### Information ###

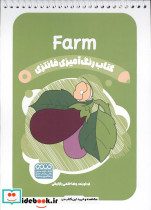 کتاب رنگ آمیزی فانتزی طرح FARM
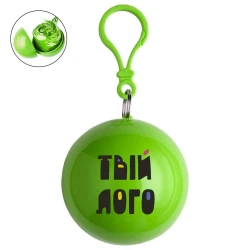 Пончо-дождевик в круглом футляре с логотипом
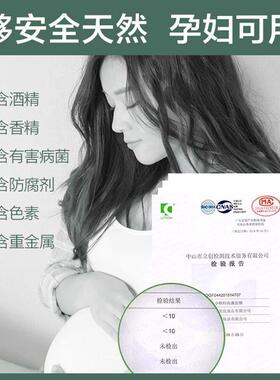 泰国海藻面膜小AGC官粒方补店正品美容院专颗用水天然海澡泥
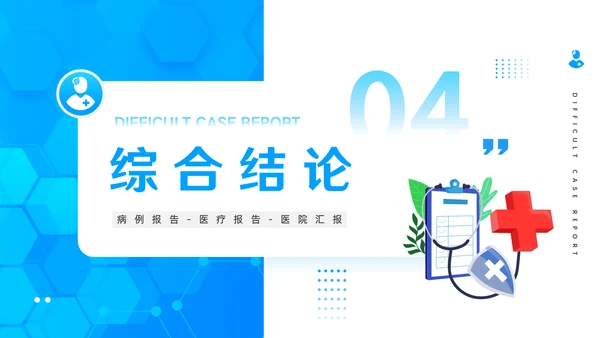 医疗系统医院疑难病例报告通用PPT模板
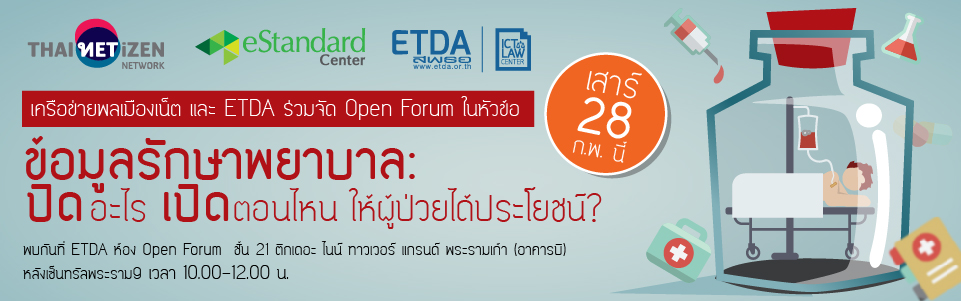 ETDA จับมือ เครือข่ายพลเมืองเน็ต จัด OPEN FORUM เปิดบ้านในหัวข้อ “ข้อมูล​รักษา​พยาบาล​: ปิดอะไร​ เปิดตอนไหน​ ให้​ผู้ป่วย​ได้ประโยชน์?”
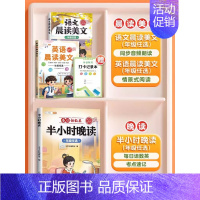 [双语晨诵晚读共3本]晨读美文+半小时晚读+英语美文 一年级上 [正版]语文晨读美文337晨读法一年级下册二年级三四五六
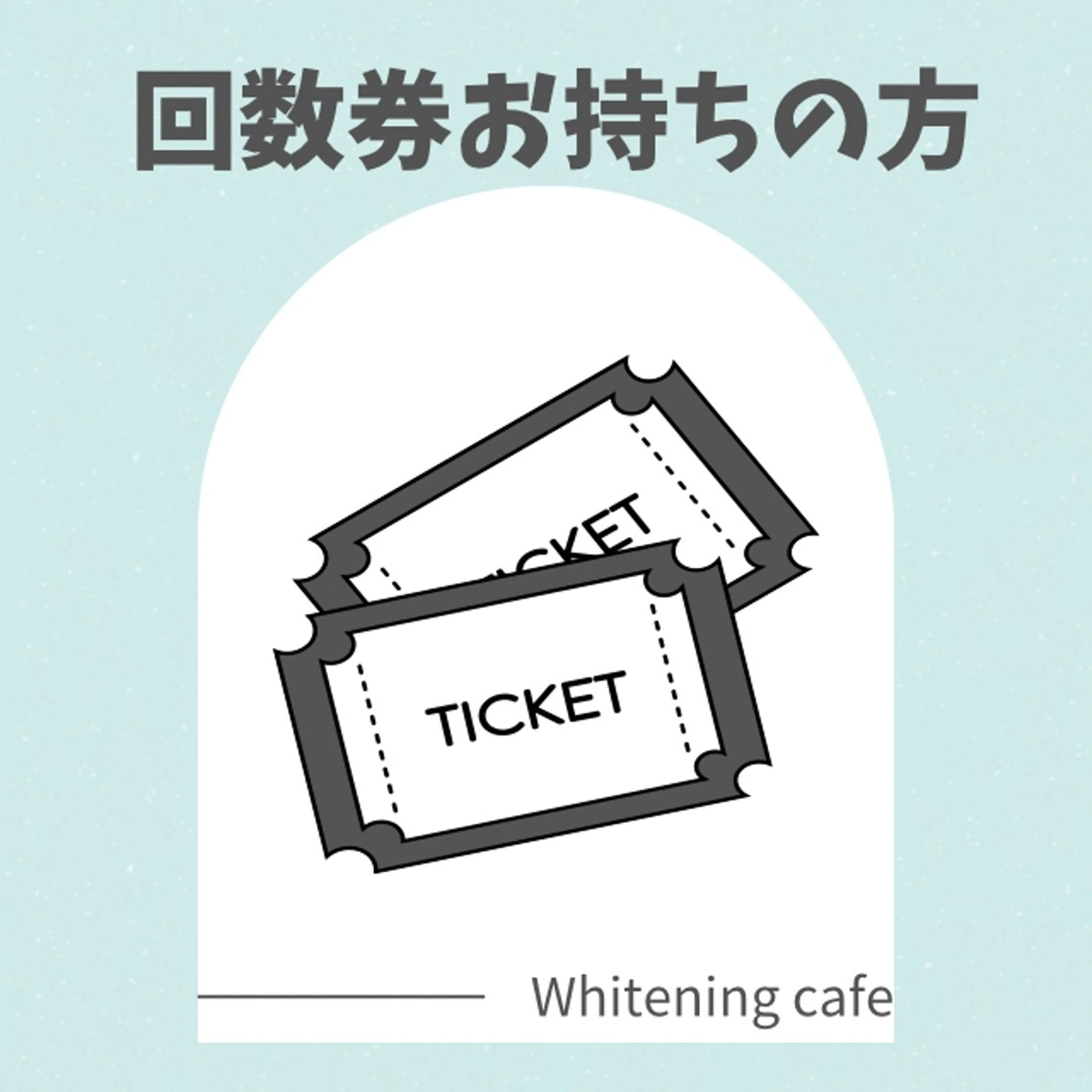 【リピーター様】回数券お持ちの方☆1回分🦷⭐️Wホワイトニング8分間×2回照射の写真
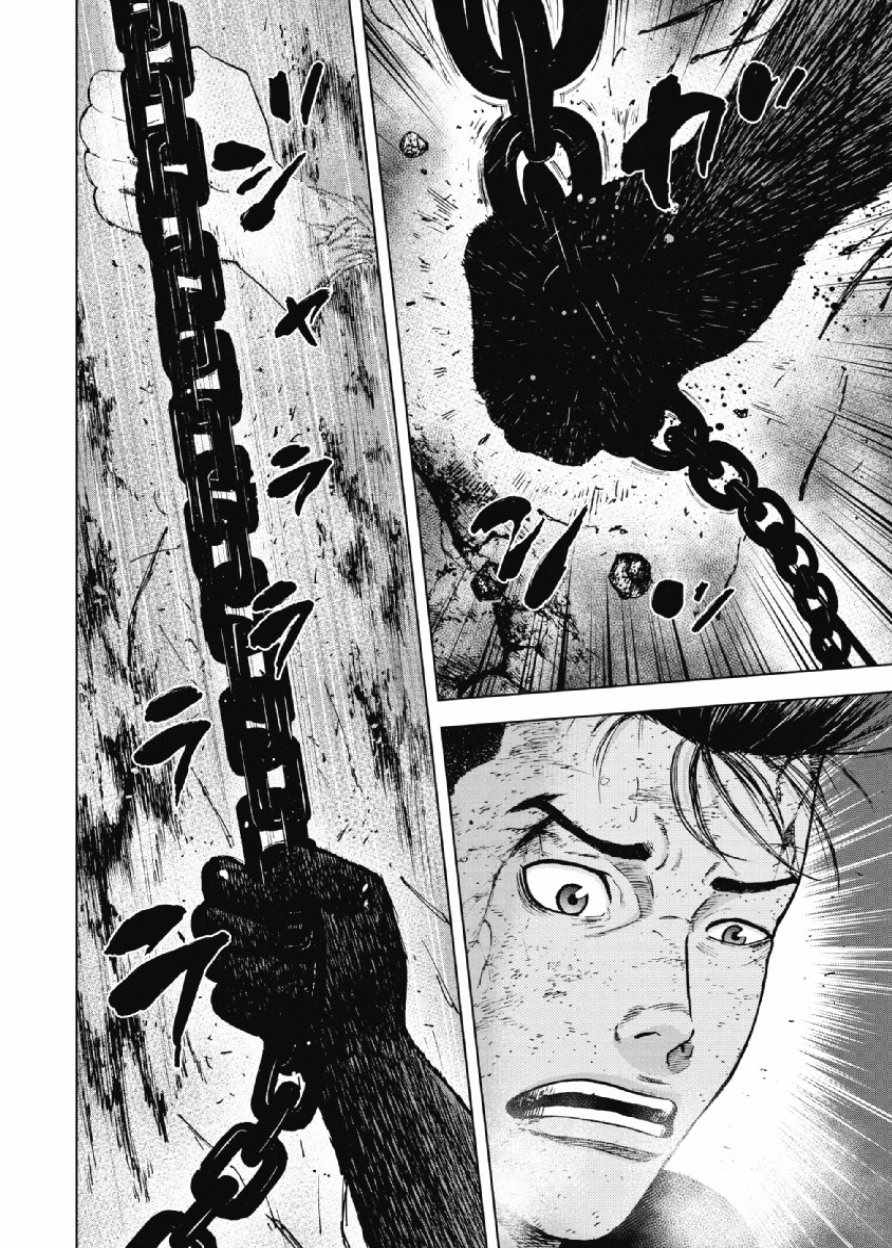 《Monkey Peak》漫画最新章节第32话免费下拉式在线观看章节第【4】张图片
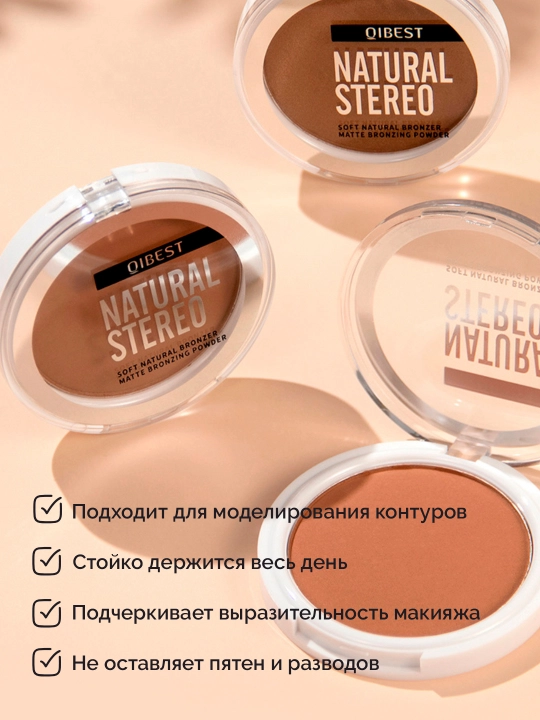 Пудра бронзатор для лица QiBest, для контуринга, матовая, бронзер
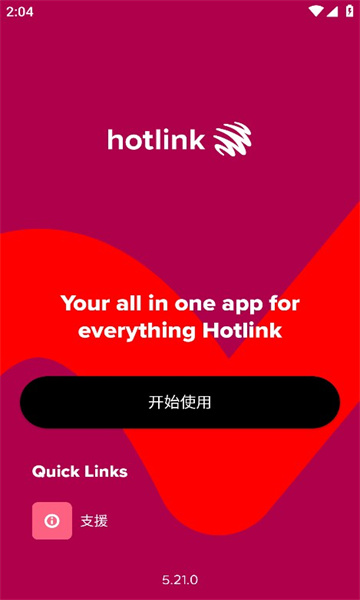 Hotlink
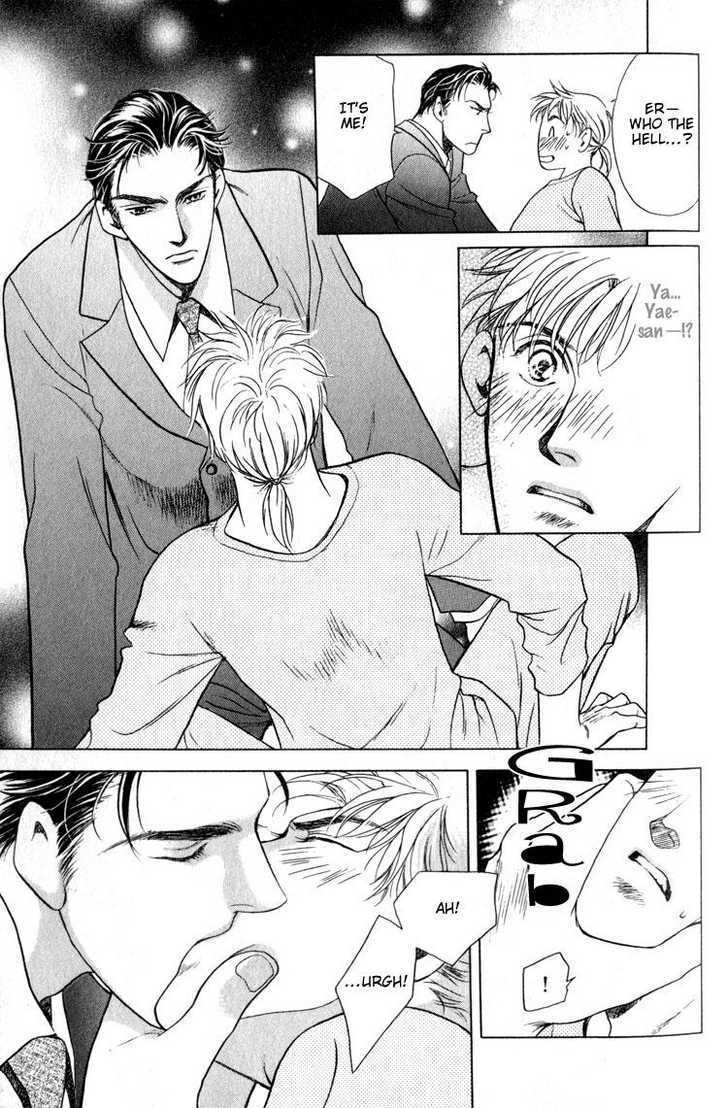 Yojouhan Sweet Home Chapter 1 page 35 - Chapter 1 : Sweet Home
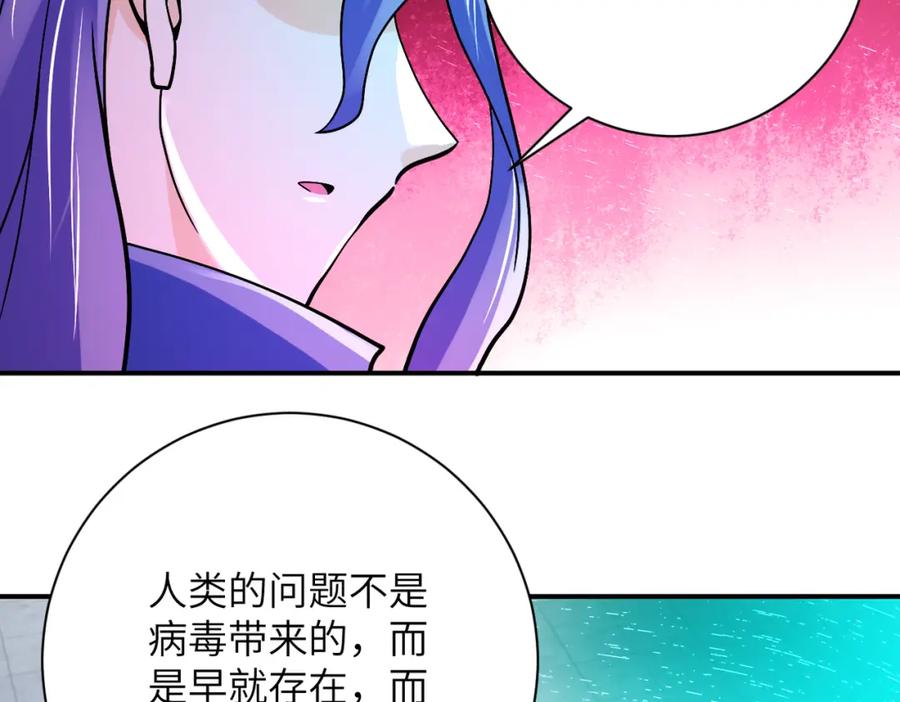 末世超级系统 第379话 重逢 第36页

###

The copy must start at the line containing "Пончо-дождевик в круглом футляре с логотипом" and end at the last line of the records, matching each line exactly and holding no pictures.

 Пончо-дождевик в круглом футляре с логотипом
 泰国海藻面膜小AGC官粒方补店正品美容院专颗用水天然海澡泥
 医疗系统医院疑难病例报告通用PPT模板
 ETDA จับมือ เครือข่ายพลเมืองเน็ต จัด OPEN FORUM เปิดบ้านในหัวข้อ “ข้อมูล​รักษา​พยาบาล​: ปิดอะไร​ เปิดตอนไหน​ ให้​ผู้ป่วย​ได้ประโยชน์?”
 [双语晨诵晚读共3本]晨读美文+半小时晚读+英语美文 一年级上 [正版]语文晨读美文337晨读法一年级下册二年级三四五六
 【リピーター様】回数券お持ちの方☆1回分🦷⭐️Wホワイトニング8分間×2回照射の写真
 《Monkey Peak》漫画最新章节第32话免费下拉式在线观看章节第【4】张图片
 Пудра бронзатор для лица QiBest, для контуринга, матовая, бронзер
 Hotlink
 Yojouhan Sweet Home Chapter 1 page 35 - Chapter 1 : Sweet Home
 末世超级系统 第379话 重逢 第36页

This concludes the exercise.